But particularly if Republicans worry they will take the blame for rising premiums this year ― a very real possibility, given that polls show most Americans now hold Republicans responsible for management of the health care system ― GOP leaders could pass the Alexander-Murray proposal, or something like it, by attaching it to larger, must-pass legislation. The spending bill that Congress will have to approve in December, in order to keep the government running, is the obvious candidate for this.

That makes the bill’s show of support important ― particularly because it represents not just both parties but also different factions within the parties. Among the co-sponsors are mainstream conservatives such as Sens. Richard Burr (R-N.C.), Johnny Isakson (R-Ga.) and Mike Rounds (R-S.D.), as well as relative moderates like Susan Collins (R-Maine), John McCain (R-Ariz.) and Lisa Murkowski (R-Alaska).

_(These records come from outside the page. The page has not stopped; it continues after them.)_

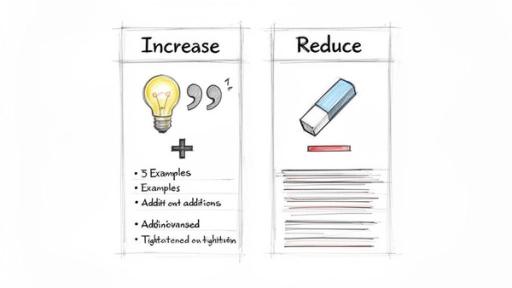 A visual illustrating ways to increase content with examples and additions, and reduce content using an eraser.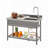 Stainless Steel Utility Sink, 47x37 Inch Commercial Freestanding Single Bowl Kitchen Sink with Countertop, Pull-Out Faucet, Hot Cold Water Pipes & Storage Shelf for Laundry Garage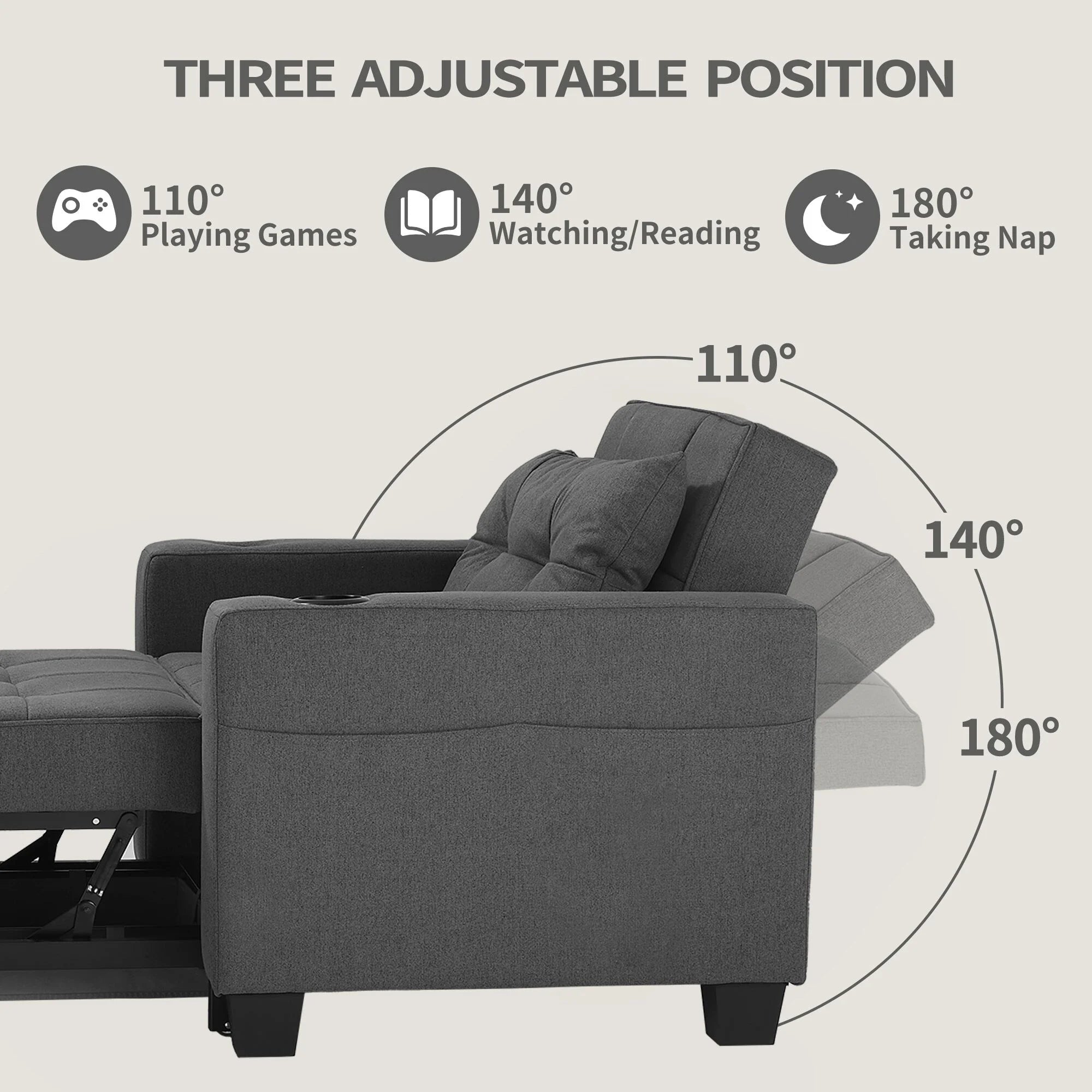 Dark Gray Linen Futon Chair Bed S5445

The co-sponsors from the Democratic caucus include members representing a similarly wide ideological spectrum ― with relatively liberal senators, like Tammy Baldwin (D-Wis.) and Al Franken (D-Minn.), along with relative moderates such as Heidi Heitkamp (D-N.D.), Angus King (I-Maine) and Joe Manchin (D-W.Va.).

Alexander and Murray are also drawing support from beyond Capitol Hill. A bipartisan group of 10 governors, including three Republicans and one Republican-turned-independent, on Wednesday issued a letter supporting the proposal. Also on board are a wide array of health care organizations ― all of whom, like most of those governors, had strongly opposed repeal legislation when it came up earlier this year.

Perhaps the most interesting comments of the day actually came from one of those Republican co-sponsors: Murkowski, who spoke immediately after Alexander and Murray and praised the pair for their cooperation. “It’s not only good from a policy perspective,” she said, “it’s good from the perspective of the health of our institution.” 

Back in July, Murkowski was one of three Republicans to vote against repeal legislation the Senate was considering, thereby preventing its passage. One of her big objections was the process that led to the vote ― a rush to craft a bill without formal hearings or deliberation, or any serious attempt to win bipartisan support.

On Thursday, Murkowski didn’t say explicitly that she viewed the Alexander-Murray proposal as a better way to legislate. But the point was clear enough.